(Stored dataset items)

════════

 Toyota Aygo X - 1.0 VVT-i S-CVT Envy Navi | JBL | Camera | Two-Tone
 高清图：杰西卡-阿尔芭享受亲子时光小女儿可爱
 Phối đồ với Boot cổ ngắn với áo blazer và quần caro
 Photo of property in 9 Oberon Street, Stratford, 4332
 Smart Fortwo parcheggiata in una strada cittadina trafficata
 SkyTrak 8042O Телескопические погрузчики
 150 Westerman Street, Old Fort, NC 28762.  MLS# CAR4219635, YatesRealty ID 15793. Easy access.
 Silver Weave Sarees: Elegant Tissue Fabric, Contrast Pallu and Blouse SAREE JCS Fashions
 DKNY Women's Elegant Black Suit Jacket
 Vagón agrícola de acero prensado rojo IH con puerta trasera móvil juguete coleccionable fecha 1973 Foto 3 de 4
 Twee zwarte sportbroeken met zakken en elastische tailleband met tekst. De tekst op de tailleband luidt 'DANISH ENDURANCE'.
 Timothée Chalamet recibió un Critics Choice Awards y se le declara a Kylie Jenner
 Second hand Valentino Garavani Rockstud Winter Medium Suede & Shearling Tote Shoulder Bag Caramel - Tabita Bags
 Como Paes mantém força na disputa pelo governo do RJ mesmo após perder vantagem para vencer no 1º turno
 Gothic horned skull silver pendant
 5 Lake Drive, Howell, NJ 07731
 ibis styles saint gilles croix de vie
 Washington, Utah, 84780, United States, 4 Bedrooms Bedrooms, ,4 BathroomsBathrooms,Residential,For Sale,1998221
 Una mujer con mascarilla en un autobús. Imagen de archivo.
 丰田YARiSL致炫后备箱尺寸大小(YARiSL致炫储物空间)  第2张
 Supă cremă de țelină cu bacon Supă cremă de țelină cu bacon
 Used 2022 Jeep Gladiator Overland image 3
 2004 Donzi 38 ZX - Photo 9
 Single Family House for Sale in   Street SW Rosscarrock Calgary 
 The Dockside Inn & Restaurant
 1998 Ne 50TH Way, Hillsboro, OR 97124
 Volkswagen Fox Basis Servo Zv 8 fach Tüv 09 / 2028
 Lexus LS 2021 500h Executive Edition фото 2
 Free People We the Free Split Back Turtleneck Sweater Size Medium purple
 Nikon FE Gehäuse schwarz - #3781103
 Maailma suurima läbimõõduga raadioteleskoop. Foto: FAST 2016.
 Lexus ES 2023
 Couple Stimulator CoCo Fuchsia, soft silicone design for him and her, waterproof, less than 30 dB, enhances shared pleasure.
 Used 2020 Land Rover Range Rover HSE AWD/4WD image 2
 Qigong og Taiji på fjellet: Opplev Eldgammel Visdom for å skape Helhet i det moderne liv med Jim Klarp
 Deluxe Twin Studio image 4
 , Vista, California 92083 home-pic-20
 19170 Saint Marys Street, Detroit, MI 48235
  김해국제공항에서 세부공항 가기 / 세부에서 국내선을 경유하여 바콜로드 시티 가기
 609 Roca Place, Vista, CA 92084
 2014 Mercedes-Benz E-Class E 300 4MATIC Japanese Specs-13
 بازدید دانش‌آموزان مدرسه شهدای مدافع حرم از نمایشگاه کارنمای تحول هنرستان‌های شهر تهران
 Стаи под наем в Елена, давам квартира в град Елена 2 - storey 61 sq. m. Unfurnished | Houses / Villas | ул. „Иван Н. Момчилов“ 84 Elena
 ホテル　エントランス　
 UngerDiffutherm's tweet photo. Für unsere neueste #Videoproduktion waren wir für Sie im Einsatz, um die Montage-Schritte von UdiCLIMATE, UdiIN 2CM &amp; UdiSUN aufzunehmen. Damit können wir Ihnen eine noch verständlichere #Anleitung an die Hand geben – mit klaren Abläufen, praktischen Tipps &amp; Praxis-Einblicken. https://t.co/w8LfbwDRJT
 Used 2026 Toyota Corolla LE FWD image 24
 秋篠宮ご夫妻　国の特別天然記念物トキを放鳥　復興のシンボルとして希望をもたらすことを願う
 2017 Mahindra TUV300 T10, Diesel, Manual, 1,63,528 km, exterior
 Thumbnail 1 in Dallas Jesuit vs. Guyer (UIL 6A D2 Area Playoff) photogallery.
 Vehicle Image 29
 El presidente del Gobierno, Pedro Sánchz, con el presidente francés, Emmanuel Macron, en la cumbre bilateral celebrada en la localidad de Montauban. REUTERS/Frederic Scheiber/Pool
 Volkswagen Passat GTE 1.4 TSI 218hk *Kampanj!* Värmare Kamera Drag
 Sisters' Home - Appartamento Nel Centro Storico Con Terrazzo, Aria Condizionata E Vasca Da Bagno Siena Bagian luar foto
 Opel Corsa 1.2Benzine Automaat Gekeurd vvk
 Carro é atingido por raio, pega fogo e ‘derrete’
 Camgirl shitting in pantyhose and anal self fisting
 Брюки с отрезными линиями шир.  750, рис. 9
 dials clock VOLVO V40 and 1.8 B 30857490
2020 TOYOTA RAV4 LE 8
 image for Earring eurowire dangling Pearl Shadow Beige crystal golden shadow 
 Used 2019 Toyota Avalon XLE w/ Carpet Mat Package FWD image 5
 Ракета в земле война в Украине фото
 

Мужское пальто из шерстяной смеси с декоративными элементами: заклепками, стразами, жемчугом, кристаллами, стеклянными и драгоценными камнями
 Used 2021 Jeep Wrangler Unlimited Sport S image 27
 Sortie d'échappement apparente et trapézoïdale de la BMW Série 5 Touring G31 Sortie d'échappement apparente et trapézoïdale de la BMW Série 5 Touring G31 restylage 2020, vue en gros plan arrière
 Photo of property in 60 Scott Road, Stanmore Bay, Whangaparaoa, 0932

════════

Reproduce exactly the entries above, limited to the lines from the one with "Used 2020 Land" through the one with "김해국제공항에서 세부공항 가기", both included.

 Used 2020 Land Rover Range Rover HSE AWD/4WD image 2
 Qigong og Taiji på fjellet: Opplev Eldgammel Visdom for å skape Helhet i det moderne liv med Jim Klarp
 Deluxe Twin Studio image 4
 , Vista, California 92083 home-pic-20
 19170 Saint Marys Street, Detroit, MI 48235
  김해국제공항에서 세부공항 가기 / 세부에서 국내선을 경유하여 바콜로드 시티 가기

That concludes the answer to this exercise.